Additionally, the interpretation that Debtors seek is foreclosed by the fact that a proposed plan, including any modification thereof, must comply with Bankruptcy Code § 1322(a)(3). See 11 U.S.C. § 1329(a). That provision provides: “if the plan classifies claims, [it] shall provide the same treatment for each claim within a particular class.” Id. § 1322(a)(3). As discussed above, unsecured claims are paid pro rata under the plan, but the credit union’s unsecured claim was paid in full. To accept Debtors’ interpretation, the Court would necessarily have to find that it condoned through a sale order what it could not have permitted in a plan modification — namely, the disparate treatment of claims within the same class. This, the Court cannot and will not do.

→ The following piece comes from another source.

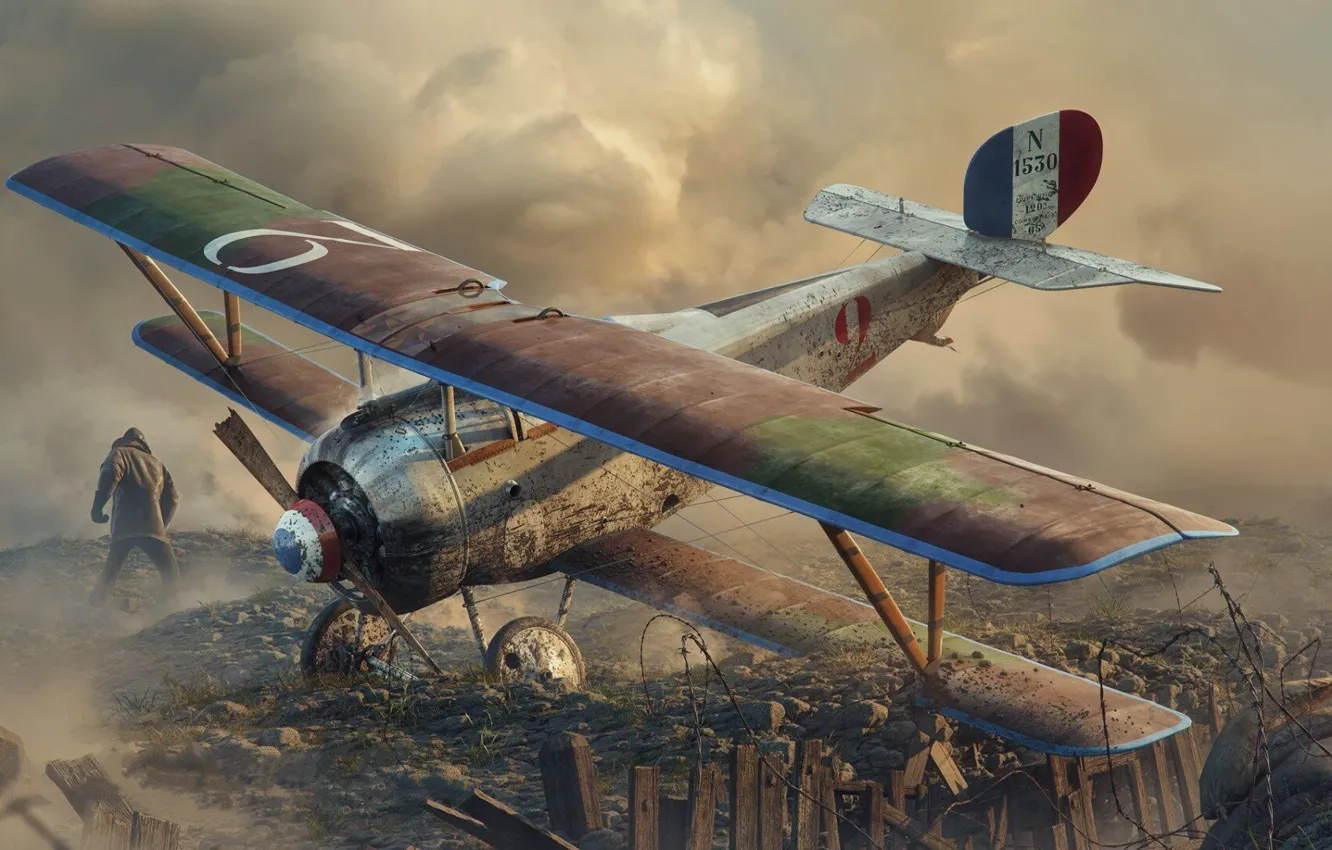 Фото обои Биплан, Колючая проволока, WWI, поршневой истребитель, Ньюпор 17, Nieuport 17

D. Trustee Has Not Breached Fiduciary or Statutory Duties Owed to Debtors
On October 10, 2014, Debtors filed a document titled “Stipulation of Facts and Conclusions of Law” (dekt.88); however, Trustee did not agree to its contents and, therefore, the Court construes the document simply as a brief in support of their Motion. In this brief, Debtors raise the argument that Trustee breached her duties to them by disbursing funds in addition to those required under their plan. This argument is meritless. As discussed above. Trustee has not disbursed too much money to creditors. Trustee is currently holding money that is due to be disbursed to creditors but has delayed such disbursement pending the resolution of Debtor’s Motion.
ORDER
Based on the foregoing, it is ORDERED that Debtors’ Motion (dckt. 80) is GRANTED in part and DENIED in part. Trustee may disburse $578.02 to creditors but must turn over $367.67 to Debtors. Once it is determined that the requirements for a discharge under 11 U.S.C. § 1328(a) are met, a discharge will be entered unless prohibited by the Bankruptcy Code.